As above mentioned, no currently available steel suffices in all the electric properties (electric resistance), magnetic properties such as magnetic response, coercive force, and magnetic flux density, cold forgeability, machinability, and corrosion resistance.
The invention, as a solution to the aforesaid problems of the conventional steels used as the core materials for electronic fuel injection systems, solenoid valves, electromagnetic sensors, etc., possess characteristics essential to the aforesaid core materials, which are electric resistance of 90 μΩ•cm or higher, excellent magnetic properties such as a coercive force of 0.7 Oe or lower, magnetic flux density of 13000 G or higher, and magnetic response with relaxation time of 0.7 msec or shorter, together with improved cold forgeability with a tensile strength of 44 KgF/ mm2 or lower, and with increased corrosion resistance and machinability.
The inventors, with a view to overcoming the above mentioned problems of the conventional steels, have carried out concentrated studies on the effects of the each alloy element on the electric properties, magnetic properties such as magnetic response, coercive force, and magnetic flux density, corrosion resistance, and cold forgeability, and finally achieved the completion of the invention.

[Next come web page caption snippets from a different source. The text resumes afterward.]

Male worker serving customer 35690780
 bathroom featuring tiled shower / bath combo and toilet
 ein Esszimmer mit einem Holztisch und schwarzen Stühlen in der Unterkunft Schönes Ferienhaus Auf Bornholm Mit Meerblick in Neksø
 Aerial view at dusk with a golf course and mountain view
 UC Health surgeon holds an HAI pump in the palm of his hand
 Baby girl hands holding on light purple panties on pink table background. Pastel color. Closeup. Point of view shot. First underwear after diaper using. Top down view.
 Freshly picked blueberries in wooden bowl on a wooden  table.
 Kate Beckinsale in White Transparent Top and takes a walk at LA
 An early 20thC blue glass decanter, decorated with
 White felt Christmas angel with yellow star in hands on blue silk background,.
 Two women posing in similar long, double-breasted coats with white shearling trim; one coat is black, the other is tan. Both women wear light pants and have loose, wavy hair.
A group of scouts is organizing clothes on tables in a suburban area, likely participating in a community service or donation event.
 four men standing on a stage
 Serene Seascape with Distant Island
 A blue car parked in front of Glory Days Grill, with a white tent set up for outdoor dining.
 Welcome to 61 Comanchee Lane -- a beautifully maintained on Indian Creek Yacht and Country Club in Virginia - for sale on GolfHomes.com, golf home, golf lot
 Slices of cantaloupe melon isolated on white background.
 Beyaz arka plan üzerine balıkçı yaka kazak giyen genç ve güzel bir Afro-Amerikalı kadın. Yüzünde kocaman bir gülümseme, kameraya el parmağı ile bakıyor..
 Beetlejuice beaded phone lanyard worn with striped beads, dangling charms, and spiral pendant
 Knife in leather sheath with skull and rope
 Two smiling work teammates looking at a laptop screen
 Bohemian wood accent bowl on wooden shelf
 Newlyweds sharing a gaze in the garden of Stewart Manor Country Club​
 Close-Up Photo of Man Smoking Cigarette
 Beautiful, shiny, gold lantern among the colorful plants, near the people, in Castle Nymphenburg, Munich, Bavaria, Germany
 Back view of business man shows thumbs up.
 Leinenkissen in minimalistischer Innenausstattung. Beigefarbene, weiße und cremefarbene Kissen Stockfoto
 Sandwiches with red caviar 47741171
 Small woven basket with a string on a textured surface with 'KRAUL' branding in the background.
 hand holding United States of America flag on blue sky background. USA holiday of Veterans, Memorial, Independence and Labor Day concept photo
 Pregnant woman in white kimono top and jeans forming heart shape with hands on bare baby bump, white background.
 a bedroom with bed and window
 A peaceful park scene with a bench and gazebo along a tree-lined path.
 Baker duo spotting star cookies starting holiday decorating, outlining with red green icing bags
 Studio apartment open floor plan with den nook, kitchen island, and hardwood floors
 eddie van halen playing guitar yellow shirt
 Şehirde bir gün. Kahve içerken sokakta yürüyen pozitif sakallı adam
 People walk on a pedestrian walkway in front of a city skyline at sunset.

First, electric resistance and tensile strength are conflicting properties. When an amount of Si was increased to raise the electric resistance, the tensile strength also increased, leading to poor cold forgeability. This is clearly read in FIG. 1, wherein the tensile strength is related to the electric resistance of the Fe-Si system steel. It is illustrated in the Fe-Cr-Al system that at the addition of 7 to 13% Cr together with 2 to 5% Al, electric resistance, force are improved without significant raise in tensile strength.
Secondly, the addition of 7 to 13% Cr together with 2 to 5% Al noticeably increased the corrosion resistance, which was unpredictable from individual additions.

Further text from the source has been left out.